Die Rolle des Standorts

Ein Faktor, der ebenso die Zugänglichkeit kultureller Angebote beeinflusst, ist der Standort: Die bekannten Theaterhäuser befinden sich innerhalb des Gürtels. Doch der Großteil der Wiener Bevölkerung wohnt dort nicht, sondern in Favoriten, Simmering, Floridsdorf, Donaustadt und Liesing. Allein dort leben 43 Prozent der Wiener.

Theater genau dorthin zu bringen, dieses Projekt verfolgt das Volkstheater schon seit Jahrzehnten.

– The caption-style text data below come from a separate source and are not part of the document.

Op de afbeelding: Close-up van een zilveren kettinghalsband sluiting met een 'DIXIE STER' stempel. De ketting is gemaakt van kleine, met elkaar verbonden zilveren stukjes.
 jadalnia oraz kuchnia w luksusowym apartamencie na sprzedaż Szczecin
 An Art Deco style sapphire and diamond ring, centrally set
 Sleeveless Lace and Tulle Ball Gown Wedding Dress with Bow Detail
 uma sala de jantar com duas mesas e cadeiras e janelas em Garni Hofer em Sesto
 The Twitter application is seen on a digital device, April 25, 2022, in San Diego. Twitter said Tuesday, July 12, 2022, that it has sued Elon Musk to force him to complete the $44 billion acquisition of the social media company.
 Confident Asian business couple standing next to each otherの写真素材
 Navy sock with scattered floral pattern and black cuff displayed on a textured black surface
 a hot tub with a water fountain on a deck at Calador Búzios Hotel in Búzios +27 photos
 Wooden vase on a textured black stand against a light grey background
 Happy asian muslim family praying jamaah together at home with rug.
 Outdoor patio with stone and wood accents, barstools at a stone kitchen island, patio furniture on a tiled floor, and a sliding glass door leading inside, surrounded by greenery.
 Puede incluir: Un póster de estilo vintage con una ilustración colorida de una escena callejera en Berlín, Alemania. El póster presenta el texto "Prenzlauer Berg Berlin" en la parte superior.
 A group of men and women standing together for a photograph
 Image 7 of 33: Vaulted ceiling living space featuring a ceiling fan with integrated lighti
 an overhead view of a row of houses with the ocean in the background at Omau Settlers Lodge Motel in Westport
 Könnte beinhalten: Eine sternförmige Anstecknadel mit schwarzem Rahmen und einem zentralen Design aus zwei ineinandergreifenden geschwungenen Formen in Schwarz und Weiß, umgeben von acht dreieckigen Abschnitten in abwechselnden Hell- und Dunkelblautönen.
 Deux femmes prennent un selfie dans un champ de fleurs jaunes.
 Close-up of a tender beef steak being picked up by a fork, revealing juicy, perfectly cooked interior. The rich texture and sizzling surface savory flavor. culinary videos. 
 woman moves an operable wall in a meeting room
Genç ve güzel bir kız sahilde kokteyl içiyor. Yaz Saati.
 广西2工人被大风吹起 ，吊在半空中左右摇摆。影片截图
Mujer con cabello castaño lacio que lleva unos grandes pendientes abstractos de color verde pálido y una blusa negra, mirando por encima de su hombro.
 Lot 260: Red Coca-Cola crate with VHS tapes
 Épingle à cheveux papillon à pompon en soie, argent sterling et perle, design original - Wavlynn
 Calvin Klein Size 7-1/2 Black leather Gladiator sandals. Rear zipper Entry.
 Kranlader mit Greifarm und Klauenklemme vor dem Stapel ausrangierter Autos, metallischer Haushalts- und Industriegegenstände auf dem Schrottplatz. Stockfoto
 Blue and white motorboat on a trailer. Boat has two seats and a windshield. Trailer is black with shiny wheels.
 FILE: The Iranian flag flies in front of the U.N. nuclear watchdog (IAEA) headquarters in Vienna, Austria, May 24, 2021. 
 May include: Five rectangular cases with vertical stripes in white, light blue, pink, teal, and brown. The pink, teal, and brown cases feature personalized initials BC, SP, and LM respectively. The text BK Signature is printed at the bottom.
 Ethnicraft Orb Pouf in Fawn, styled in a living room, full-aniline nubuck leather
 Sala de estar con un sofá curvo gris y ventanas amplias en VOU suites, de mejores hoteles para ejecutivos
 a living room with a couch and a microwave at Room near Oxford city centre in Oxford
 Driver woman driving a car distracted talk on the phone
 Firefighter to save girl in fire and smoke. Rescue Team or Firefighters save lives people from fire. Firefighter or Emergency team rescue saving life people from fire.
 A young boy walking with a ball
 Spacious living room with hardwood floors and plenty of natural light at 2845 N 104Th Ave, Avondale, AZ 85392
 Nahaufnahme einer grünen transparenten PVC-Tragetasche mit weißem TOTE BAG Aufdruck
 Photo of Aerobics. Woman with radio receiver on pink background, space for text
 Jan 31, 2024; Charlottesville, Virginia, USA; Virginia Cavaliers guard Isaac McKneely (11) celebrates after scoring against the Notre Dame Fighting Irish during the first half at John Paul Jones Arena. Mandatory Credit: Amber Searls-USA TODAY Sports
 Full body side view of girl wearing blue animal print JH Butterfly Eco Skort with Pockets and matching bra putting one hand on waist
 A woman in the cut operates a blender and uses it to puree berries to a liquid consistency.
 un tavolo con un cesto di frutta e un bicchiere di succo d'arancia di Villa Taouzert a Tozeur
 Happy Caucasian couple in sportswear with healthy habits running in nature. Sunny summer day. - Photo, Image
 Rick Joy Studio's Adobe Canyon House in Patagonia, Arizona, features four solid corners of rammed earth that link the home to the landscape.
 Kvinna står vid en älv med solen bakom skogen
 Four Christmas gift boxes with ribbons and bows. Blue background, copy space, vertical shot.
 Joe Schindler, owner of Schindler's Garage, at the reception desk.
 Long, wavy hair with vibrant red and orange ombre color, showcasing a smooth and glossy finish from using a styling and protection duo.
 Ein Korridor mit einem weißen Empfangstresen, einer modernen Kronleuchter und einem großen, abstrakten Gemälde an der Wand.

Nun gibt es seit November 2024 ein neues Theaterprojekt, das die Kultur nach außen und zu den Kindern bringen will. „Wo du aufwächst, ist deine Kultur zuhause“ lautet das Motto der Jungen Theater Wien, die in den fünf bevölkerungsreichsten Bezirken angesiedelt sind. Der künstlerische Direktor, Stephan Rabl, sagt, seit Jahren sei die Stadt zwar zahlenmäßig gewachsen, mit ihr aber nicht unbedingt das kulturelle Angebot. Daran setzt beispielsweise auch die aktuelle Kulturstrategie der Stadt Wien an.

Erklärung

Kunst in die Lebensräume bringen

Das Leben spielt sich für Kinder in der nächsten Umgebung ab, sagt Rabl. Wenn sie in ihrem Lebensraum kein kulturelles Angebot wahrnehmen, „ist es nicht vorhanden. Deswegen geht es darum, Kunst und Kultur in ihren Lebensraum zu bringen und Zugang zu schaffen. Und dann natürlich auch darum, dass es Normalität wird. Dann ist es so, wie ich esse, gehe ich halt ins Theater“.

Erreichbarkeit erhöhen

Die Bezirke, die die Jungen Theater bespielen, vibrieren vor sprachlicher, kultureller und sozialer Vielfalt. Das beeinflusst wiederum, welche Themen für die Menschen relevant und interessant sind. Wie erreicht man nun diese Vielzahl so gut wie möglich? „Banal runtergebrochen, heißt es für mich so nah wie möglich bei den Menschen sein. So viel wie möglich auf Augenhöhe“, sagt Rabl.

Aktuell befinden sie sich noch in der Aufbau- und Testphase. Und dafür sind Kinder ein geeignetes Publikum. Segelbacher sagt: „Es ist eigentlich nichts tödlicher, als kein ehrliches Feedback zu bekommen. Kinder geben uns ehrliche Rückmeldungen – ob es für sie interessant ist oder langweilig und sie sich mit einem Thema beschäftigen möchten.“

Also, beim nächsten Theaterbesuch einfach rausrufen, wenn es zu langatmig ist – die Theaterproduktion profitiert ja schließlich davon.